Effective and efficient topical collocation models
Topic models are powerful tools for automatically detecting latent topic distributions from a set of documents. The "bag-of-words" representation used in conventional topic models, however, ignores potentially useful dependencies between words. Topical collocation models extend topic models by modelling relationships between mutually informative consecutive words. Since the standard methods for evaluating "bag-of-words" topic models do not directly apply to topical collocation models, many fundamental questions remain open. For example, it is not clear whether topical collocation models are better than topic models, which kind of topical collocation model is the best, and how well the best-performing model scales to large datasets.
Therefore, to address these questions, this thesis has three parts. In the first part, we develop four different evaluation methods for topical collocation models and apply them to five topical collocation models and a standard topic model, Latent Dirichlet Allocation (LDA). We evaluate the models using human annotation, a point-wise mutual information metric, and practical down-stream information retrieval and classification tasks. The experiments reveal that 1) almost all the topical collocations models achieve better performance than LDA on all the evaluation methods; and 2) topical collocation models using Adaptor Grammars (AG-colloc) almost always provide a new state-of-the-art, though some improvements over baselines are marginal.

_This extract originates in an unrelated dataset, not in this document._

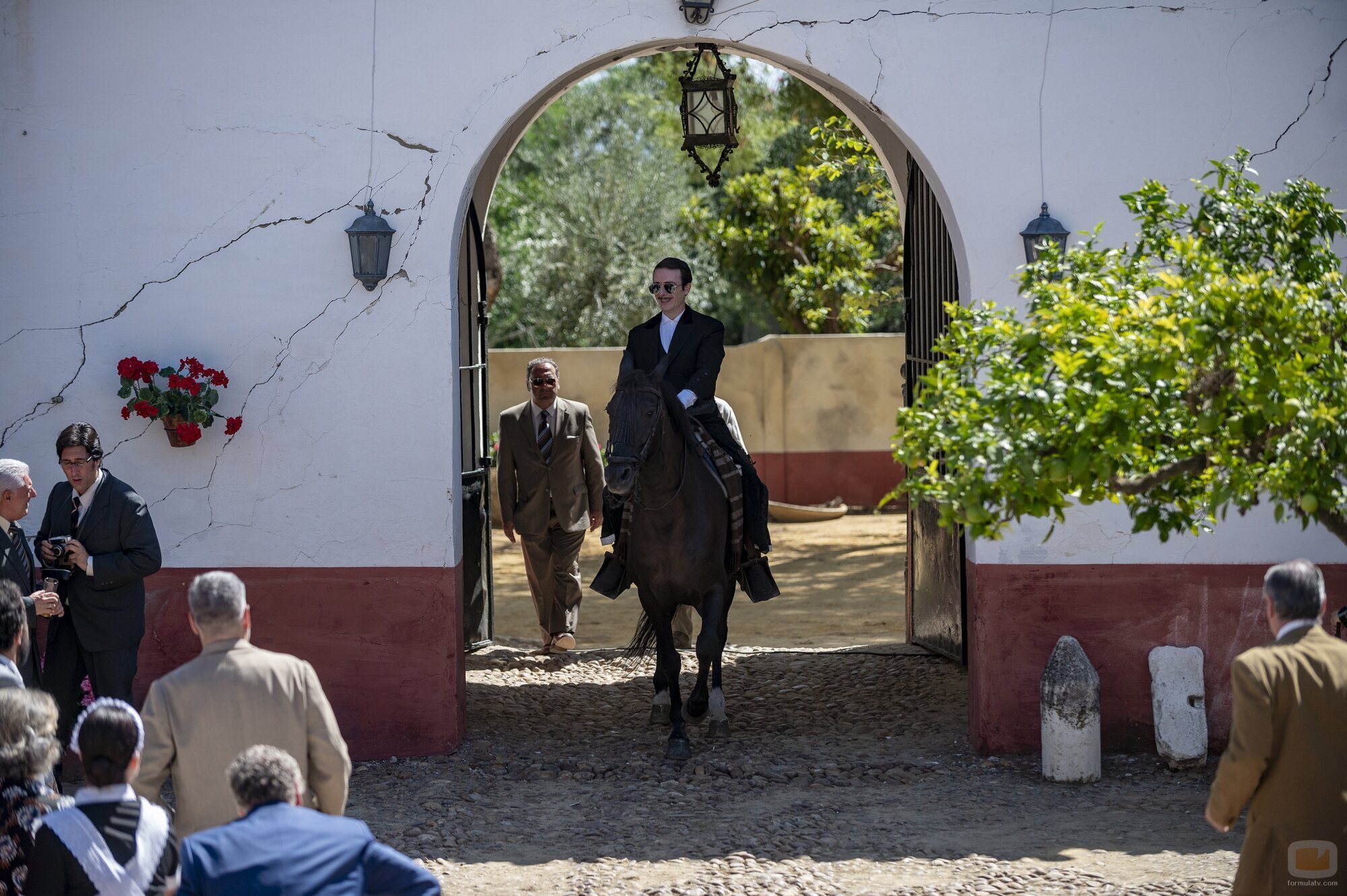 Rafael Pertierra de Medina (Víctor Clavijo) dirige la Finca Los Galindos en 'El Marqués'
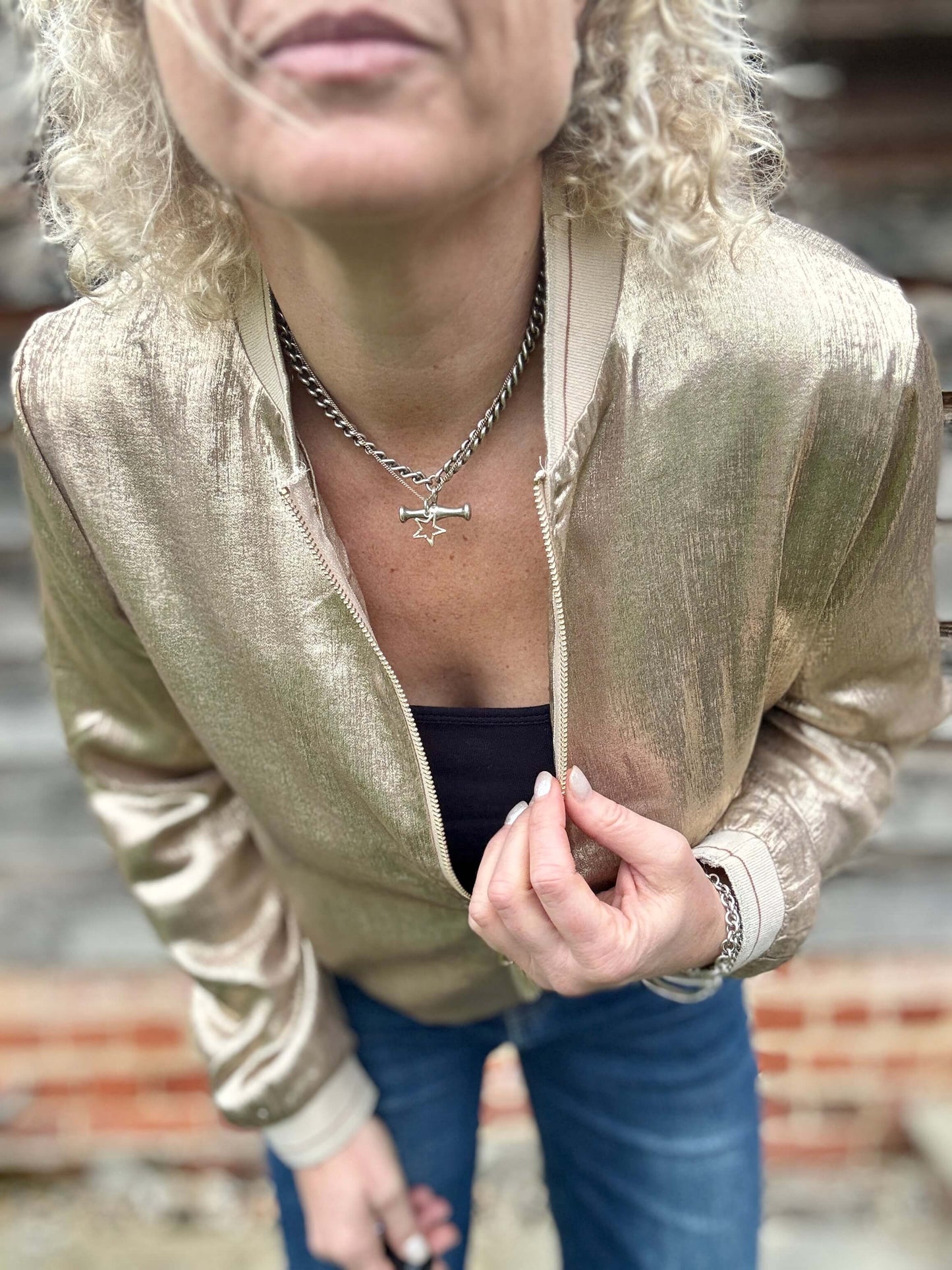 Betty Bombers | Gold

Having identified the best topical collocation model, the second part of this dissertation focuses on scaling it to very large-scale datasets with a sparse parallel reformulation. We present an efficient reformulation of the AG-colloc model, an unsupervised topical collocation model that can learn collocations of arbitrary length. Taking advantage of sparsity in both collocation and topic distributions, we develop a novel linear time sampling algorithm that can be easily parallelised so that the reformulation is capable of handling large-scale corpora.
In the third part, the new implementation is compared to LDA and a topic model for learning topical collocations (PA) on large-scale corpora in terms of speed and quality, using the evaluation methods developed in the first part of the thesis.
Three contributions of this thesis are:
1. An empirical comparison of five topic models for learning topical collocations (PA, LDACOL, TNG, AG-colloc, and AG-colloc2) to a standard topic model (LDA), using four evaluation methods;
2. An efficient reformulation of the AG-colloc model;
3. A novel linear time sampling algorithm, which can be easily parallelised so that the reformulation is capable of handling large-scale corpora.